The team used complementary phenotypic screens on P. falciparum and T. gondii to identify phenotype-specific hits based on: Inhibition of overall parasite growth, Apicoplast segregation, and egress or host invasion and cross-validated between the two related, yet distinct parasitic forms.
They identified 24 molecules with nanomolar potency against both parasites, 30 molecules causing delayed death (in toxoplasma), out of which three interfere with apicoplast segregation, an essential process for the formation of new daughter cells. They also identified 26 molecules that specifically inhibit parasite release or host cell invasion of P. falciparum. Five of their 'hits' were also active against the release of T. gondii tachyzoites from mammalian cells, highlighting pathways that can be exploited in both parasites using the same class of molecules.
Principal investigator Rajesh Chandramohanadas from SUTD said, "MMV malaria Box represents an excellent starting point for anti-parasitic drug development due to chemical diversity, potency and open access. However, more information is needed on cellular pathways and targets affected by these inhibitors before pharmacological optimizations can be pursued. Having completed the phenotypic characterization and stage-specificity studies, we have now shortlisted a handful of excellent inhibitors for detailed mode-of-action and medicinal chemistry studies towards novel drug development."
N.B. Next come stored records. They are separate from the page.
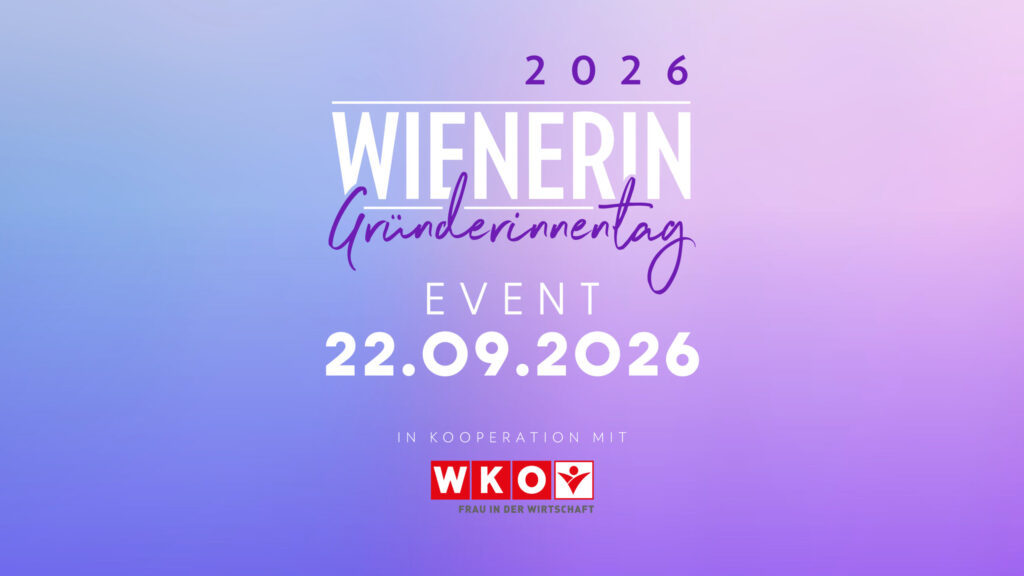 Sei beim WIENERIN Gründerinnentag 2026 dabei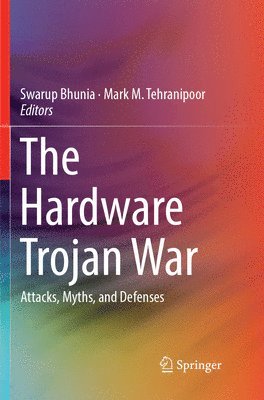Swarup Bhunia, Mark M. Tehranipoor - Hardware Trojan War, Häftad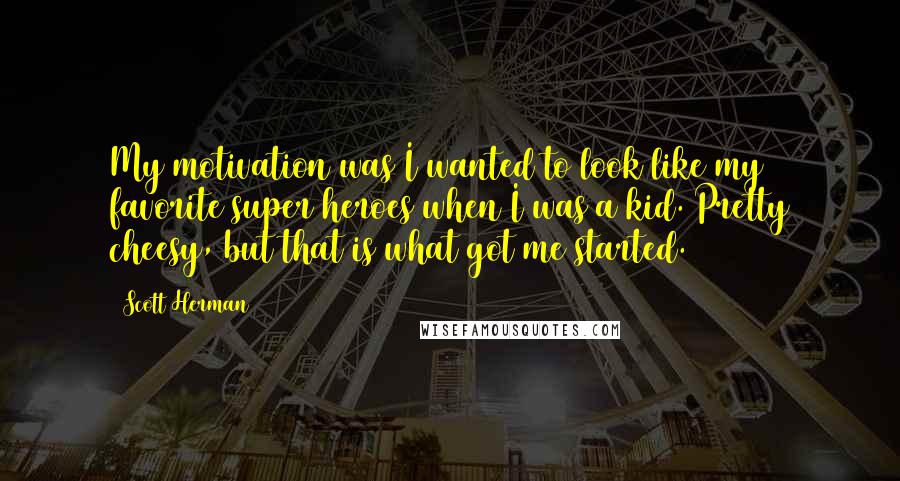 Scott Herman Quotes: My motivation was I wanted to look like my favorite super heroes when I was a kid. Pretty cheesy, but that is what got me started.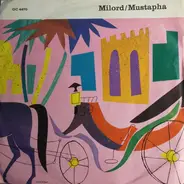 Ivonne Lopez , Attila Karafak Und Sein Orchester - Milord / Mustapha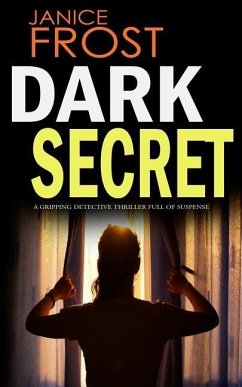 DARK SECRET a gripping detective thriller full of suspense - Frost, Janice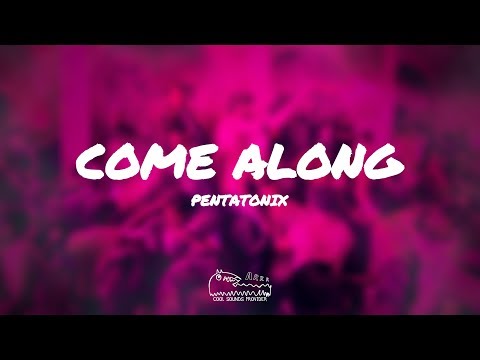 Come Along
"Egress and invasion are significantly similar between malaria and toxoplasma parasites. Therefore, identification of molecules that affect both parasites during their release from infected host cells not only highlights robustness of the complementary screening approach we adopted, but also conserved drug targets for pan anti-parasitic drug development," Dr. Dhanasekaran Shanmugam from NCL added.
This research appeared in mSphere, published by the American Society of Microbiology and its first authors are graduate students Subramanian Gowtham (SUTD) and Meenakshi Belekar (NCL). Other senior investigators in the team include Dr. Srinivasa Reddy (NCL), professor Kevin Tan (National University of Singapore), and professor Peter Preiser (Nanyang Technological University).
This work was jointly funded by the Agency for Science, Technology and Research (A*Star), Singapore- and the Department of Science and Technology (DST), India under the Singapore-India Joint Grant.